Национал-социализм бросил вызов смерти народа – финалу этногенеза, как когда-то давно Христос сделал вызов смерти человека – пессимизму античности, отравленному «малоазиатским» универсальным мировидением. То, что сделал Гумилев позднее в теории – поставил органичность на первое место – что дает нам сегодня новый метод для представленного тут анализа и оценок, то национал-социализм частично осуществил в мифе и на практике. Он стряхивал старую «басню об истинном мире» напрочь, во имя Нового мира, но при этом же возвращаясь к расе, сохранял тот же народ, что и всегда был. Другие не предполагаются ему на смену. Палингенез – новое рождение/возрождение – преодоление этногенеза стал понятен только сегодня (За эту истину спасибо англичанину Роджеру Гриффину). Именно через изучение «третьего пути» - фашизма и национал-социализма.

Объединив понятия этногенез-национал-социализм-палингенез, в остатке получим следующий итог. Народ – первичен. Он есть форма и движение государства, цивилизации, а не государство – форма народа. И существует народ для того, чтобы стать совершенной расой, а не совершенным государством. В этом именно порок увядания! Что цивилизация создается народом, а не народ возвышается цивилизацией! Государство – это средство! Экономика – это средство! Культура – это средство! То, что не разглядели пессимисты от истории, как впрочем, и прогрессисты всех мастей, опиравшиеся лишь на социогенез.

Последствия появления национал-социализма оказались еще более глубокими. Национал-социализм не отрицает  через основу сам прогресс! Наоборот развитие должно было послужить перманентности основы, движению по пути к ней, по пути расы.

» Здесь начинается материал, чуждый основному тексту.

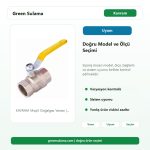 KAVRAM Mop5 Doğalgaz Vanası | 1/2″–2″ ana ürün görseli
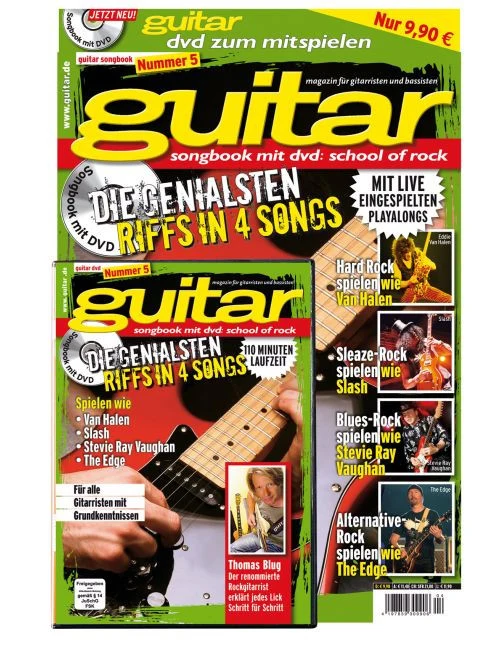 guitar - School of Rock 5 Vol. 5 Die genialsten Riffs in 4 Songs Vol. 5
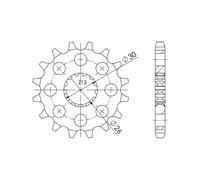 SGR Pignone S+2 AC P530-D18 Triumph Speed Triple R ABS (-735436) 1050 12-15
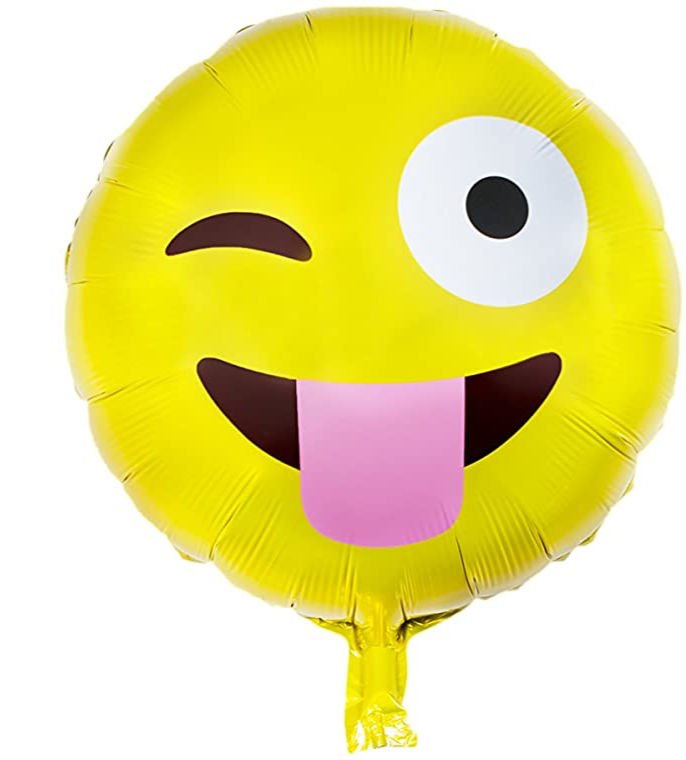 Foil Balloon Round Emoji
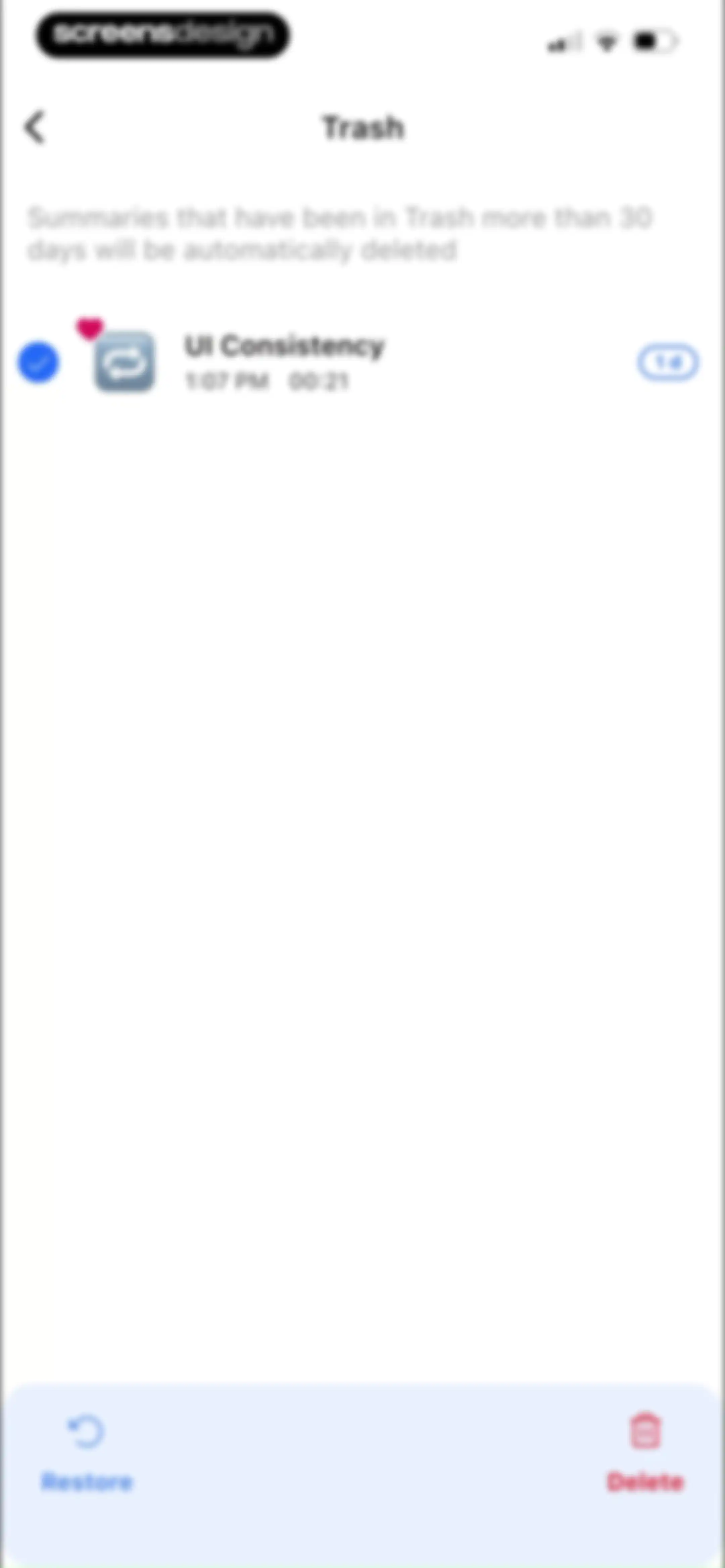 Summary - AI Note Taker screen 130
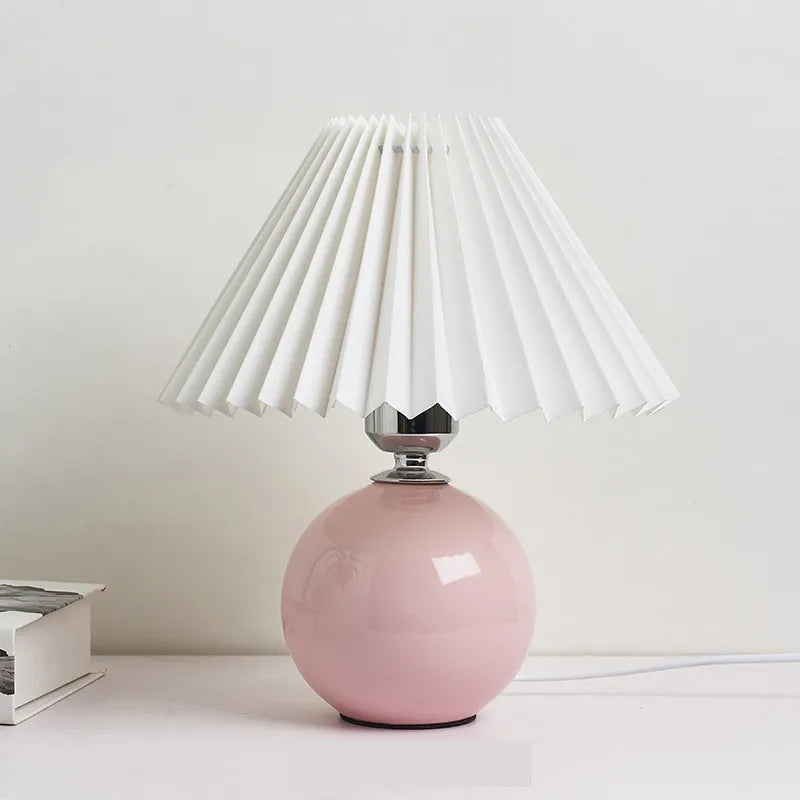 Korean pleated table lamp - vue 18 sur 25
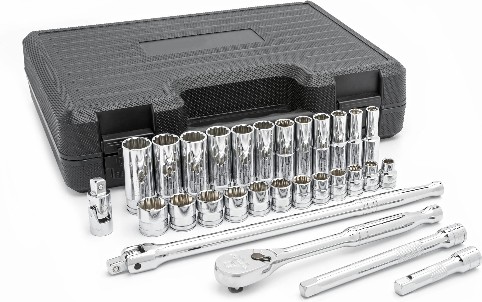 3/8-in Drive Metric Shallow/Deep Socket Set 29 -Pieces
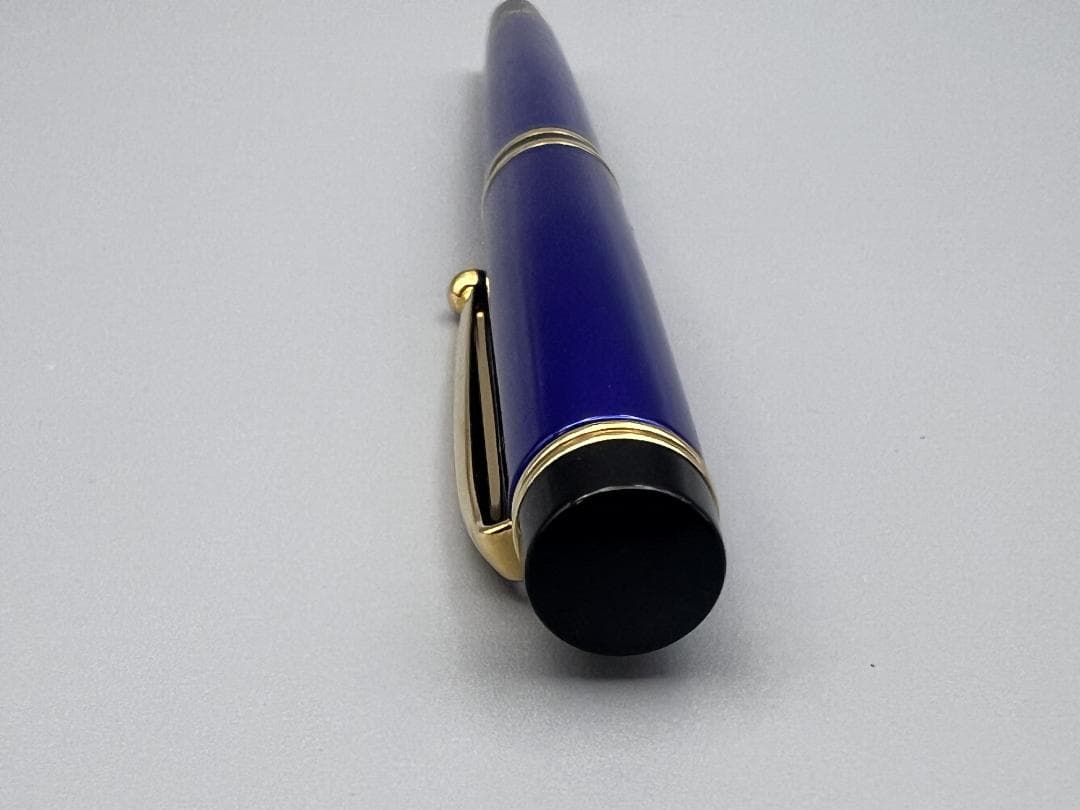 PILOT パイロット 万年筆 カスタム ブルーマーブル F ペン先 14K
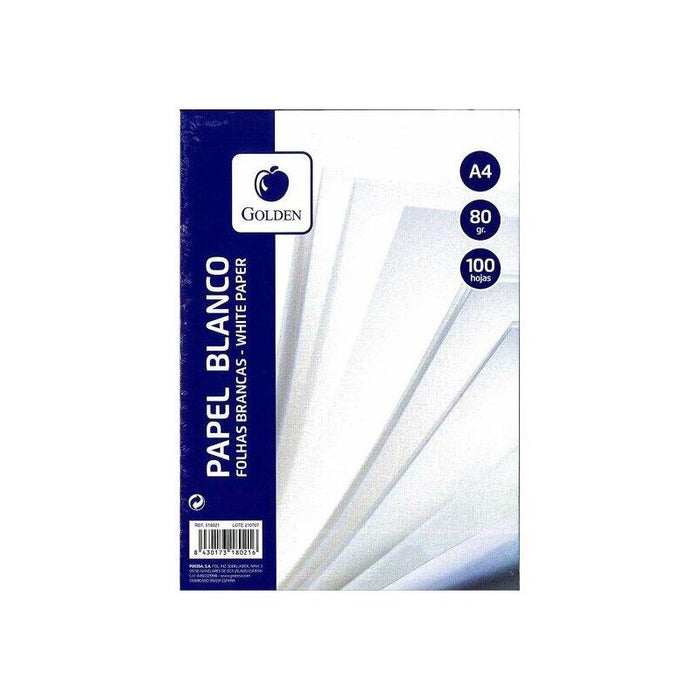 Paquete Folios A4 Blancos 100 Unidades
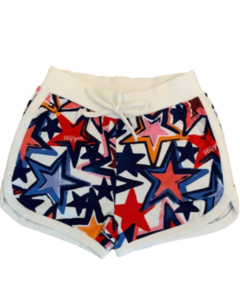 Short Branco Colorful Stars TOMMY HILFIGER - Toddler Girl (2 a 7 Anos)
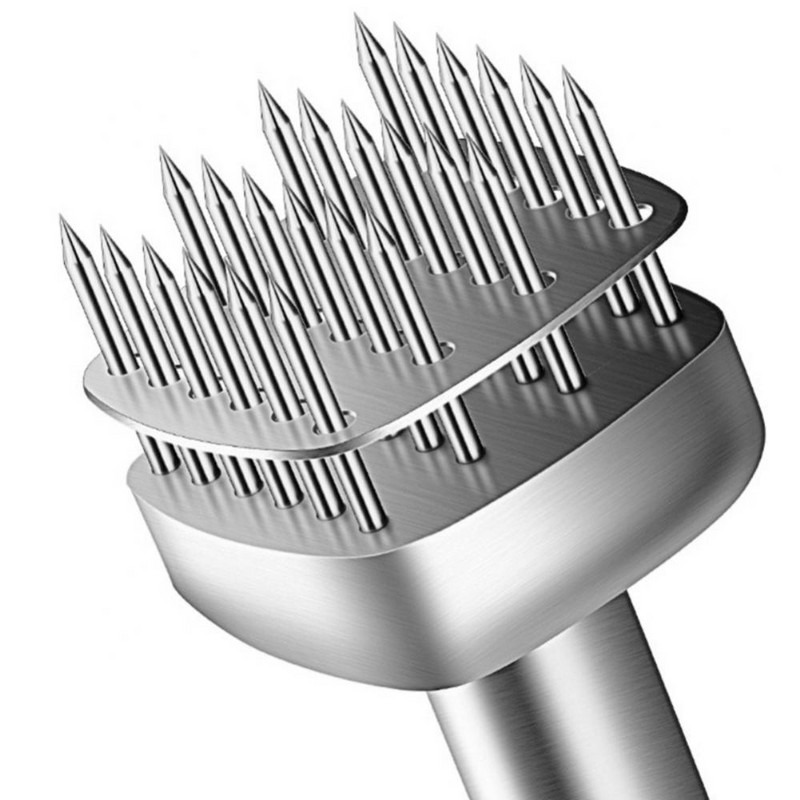 Nerūdijančio plieno mėsos minkštiklis, patvarus 24 itin aštrių adatų minkštiklis, skirtas jautienos kepsniams, virtuvės gaminiams gaminti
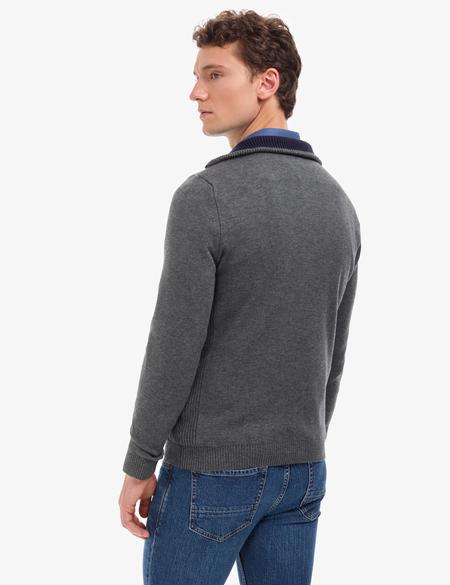 Gri Melanj Regular Fit Kazak - 50315714009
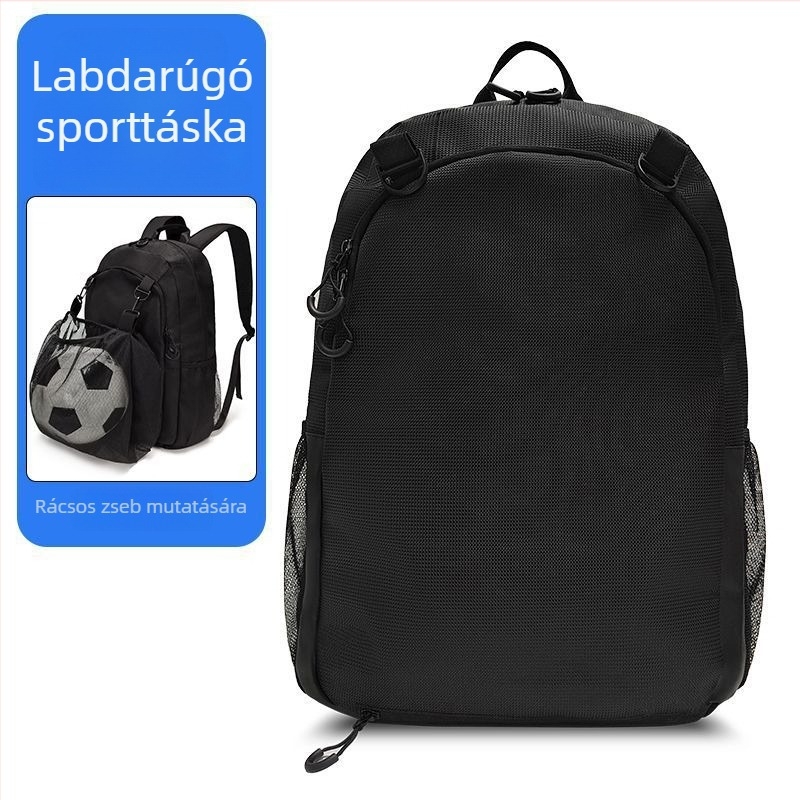 Kosárlabda- és futballhoz készült sporttáska külön cipőrekesszel, nagy kapacitású, vízlepergető Oxford anyag, uniszex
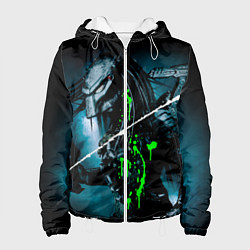 Куртка с капюшоном женская PREDATOR, цвет: 3D-белый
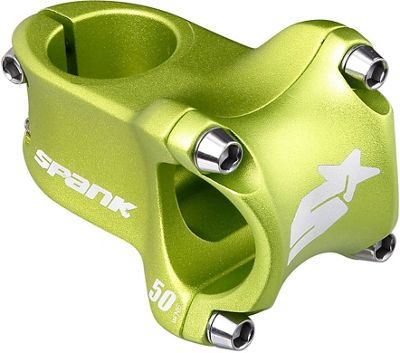 Spank Spike Race 2 Mountain Bike Stem - Green - 1.1/8", Green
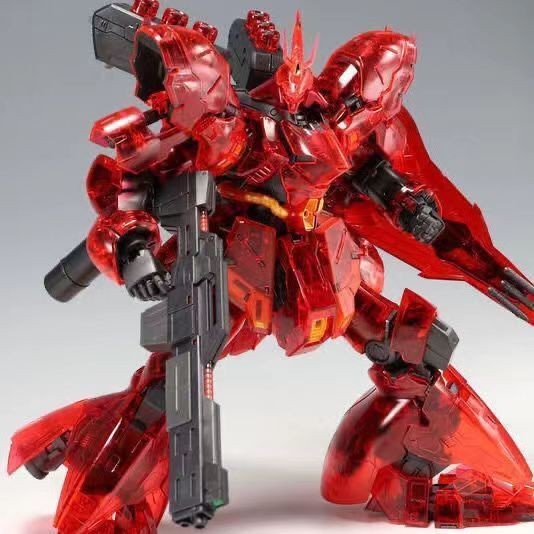 อะนิเมะประกอบรุ ่ น Daban Gundam ประกอบของเล ่ น MG6631A สีสัน Sazabi Kaza โปร ่ งใสรุ ่ นการ ์ ดรุ ่ น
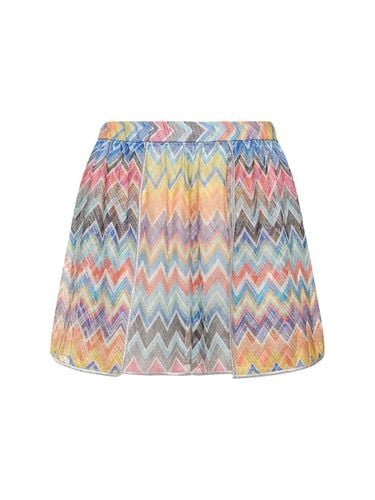 Chevron Lurex Zigzag Elastic Shorts - MISSONI - Modalova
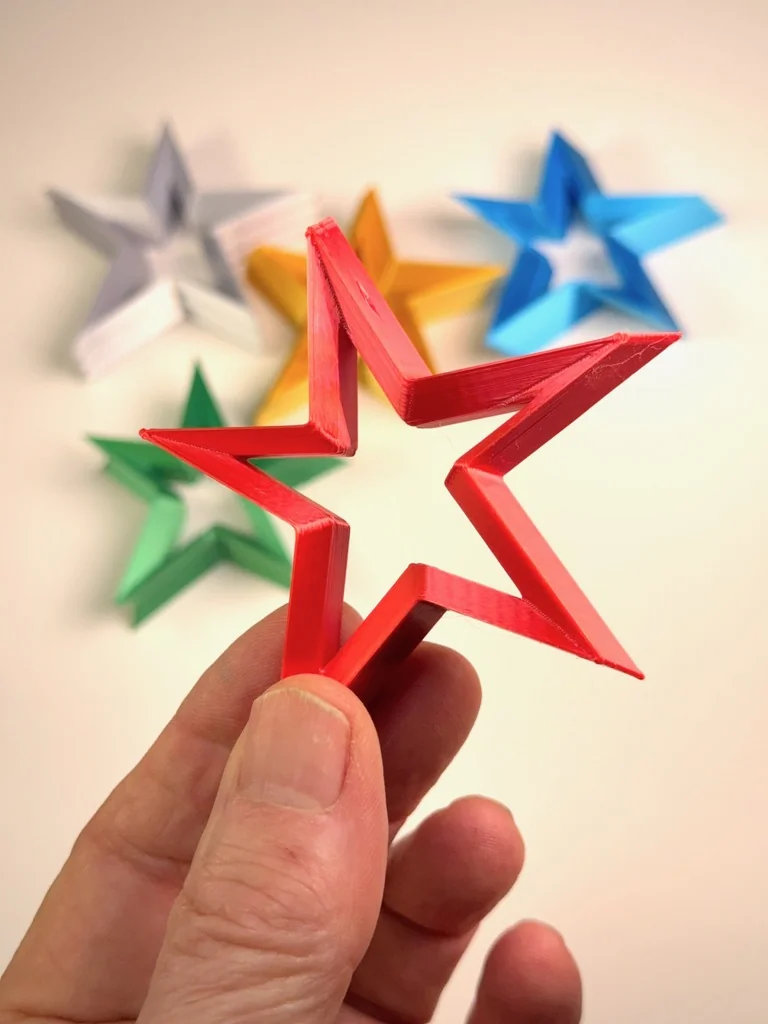 3D Модели Рождественских Звёзд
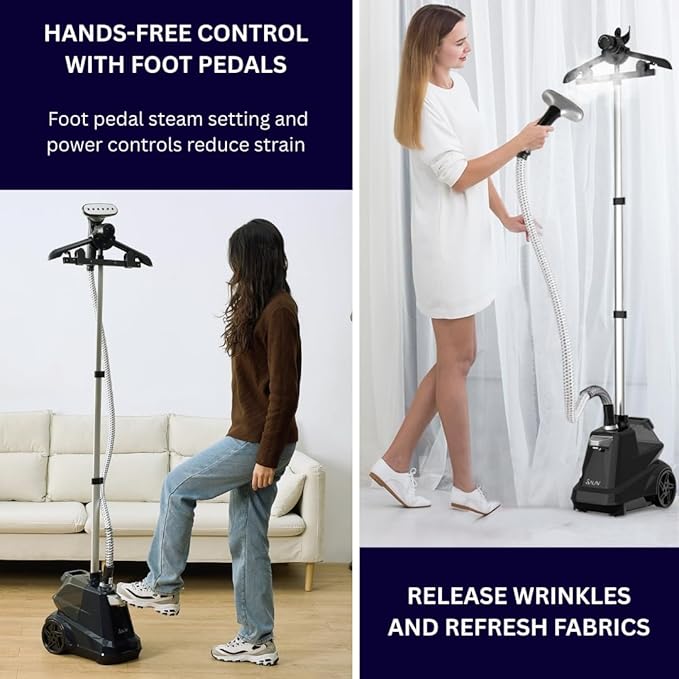 SALAV Commercial-Grade Standing Garment Steamer - Image 6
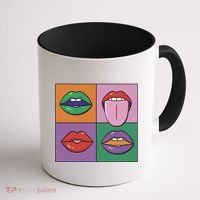 Pop Art Mouths Coffee Mug thumb 1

Также как и основа, своим понятием о прошлом и грядущем «золотом веке», о его чистых понятиях справедливости, чести, уклада подталкивала прогресс на верный путь, на путь социальной справедливости, солидаризма разных слоев населения – в пику непрерывной классовой борьбы и истории «войны всех против всех». Таково на самом деле внутреннее содержание национал-социализма – этого коренного переворота в истории человечества, ноосферы и биосферы, новый его этап развития.